The easy case for expressing the cokernel as a quotient of cyclic groups is when the matrix is "diagonal", i.e. n ≥ m, the first m columns form a square diagonal m by m matrix, and the rest of the columns are zero. In this case if the jth column has a single non zero entry equal to r in the jth place, this gives rise to a cyclic factor Z/(rZ). So the problem of expressing any group given by any presentation matrix, reduces to the problem of diagonalizing an integer matrix. Thus one proof, and one of the proofs I give in my notes, is to show how to use just the Euclidean algorithm to diagonalize any integer matrix. This expresses your group as a product of cyclic groups, and then you can proceed to change this product into one of the two standard ones mentioned above. Or, one can show that the diagonalizing porocess can be continued in such a way as to give factors whose orders divide each iother consecutively, i.e. one can do the diagonalization so as to give the "second" standard decomposition mentioned above.

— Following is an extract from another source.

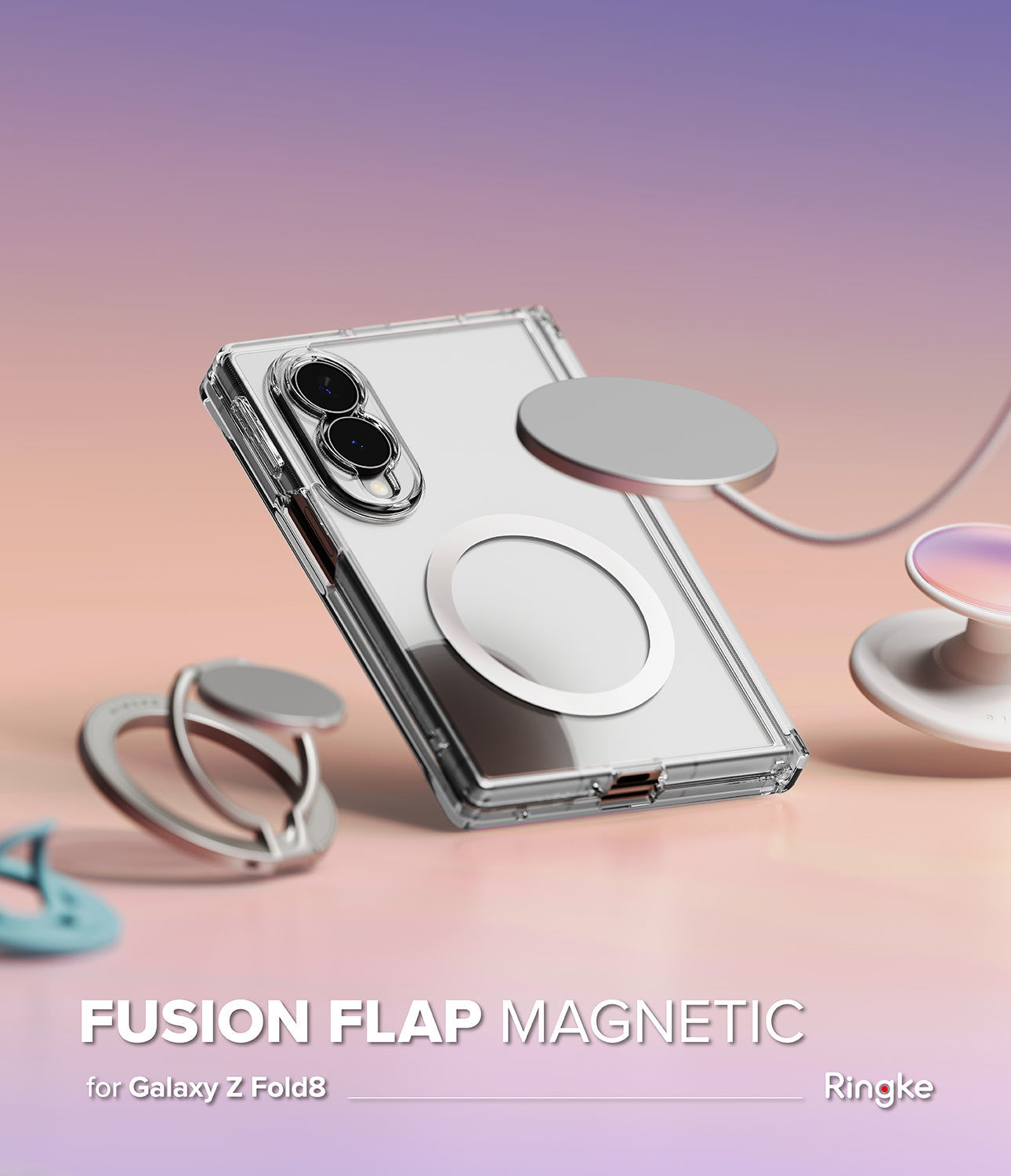 Galaxy Z Fold 8 Case | Fusion Flap Magnetic - A clear magnetic phone case with a silver metallic ring and circular magnetic pad, shown on a smartphone against a soft pink-to-purple gradient background. Text at the bottom reads 'FUSION FLAP MAGNETIC for Galaxy Z Fold8 Ringke'.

Then one can change it into a prime power decomposition. Indeed this is one proof I give in my notes.

I did write my notes so that this topic was treated last, after I had covered group theory including the Sylow theorems, but you can perhaps tell from this description here that only the concept of the Euclidean algorithm is needed to carry out the decomposition in practice, at least if you assume as given a presentation matrix. All this is discussed on pages 11-16 of my notes 845-1 on my webpage above. You can see there that the method also applies to finitely generated abelian groups that may not be finite, and gives a decomposition with possibly some factors of Z. This is the case when the matrix may not have maximal rank m. An earlier discussion of cyclicmproducts occurs on pages 47-50 of the notes for 844-2.

And don't be afraid of the words "Sylow p -subgroup". For an abelian finite group, if the group has order np^k where p does not divide n, the sylow p subgroup it is the unique subgroup of order p^k. So in the decomposition, it is just the product of all cyclic factors whose order is a power of p. So all that is happening in these discussions of looking at "Sylow subgroups" is that all factors involving the same prime are being bunched together. E.g. an abelian group G of order 36 = 2^2.3^2, has two Sylow subgroups, one of order 4 and one of order 9, and G is the product of those subgroups, which follows from the "Chinese remainder theorem". I.e. if these subgroups are H and K, the map HxK-->G taking (x,y) to xy, is an isomorphism [exercise].

 

[mathwonk]

To emphasize that it matters a lot how the group is given to you in the first place, consider the finite abelian group defined as the multiplicative group of units in the ring Z/(243Z). Try decomposing that into cyclic factors. Hint: It is already cyclic, so your task is just to prove that. This is done in my 844-2 notes, I believe, linked above. By way of contrast, the multiplicative group of units in the ring Z/(32Z) is not cyclic, but has two cyclic factors. The method of proof of these facts is by establishing certain number theoretic results, i.e. it is not a general technique about finite groups. Thus in general, when you ask how to decompose a finite abelian group, the answer again depends on how the group is given to you. In hindsight, this is "obvious", since the task of changing the description of a group from type A to the standard type, of course depends on what type A is. One might claim there is a uniform process for this conversion, starting say from "find an element of maximal order". But of course how to do this depends on how the group is given to you, and trial and error may not be at all practical for a large group - imagine being given a group of order a billion that turns out to be cyclic. The general methods above however give immediately a decomposition of the group of units of the ring Z/(2^60). Or to flog this horse once more, asking how to find the cyclic decomposition of a group is like asking how to get to New York; the answer depends on where you start from. (I started to say asking how to get to Carnegie Hall, but then the answer is the same no matter where you start from, as we all have heard, namely "practice".)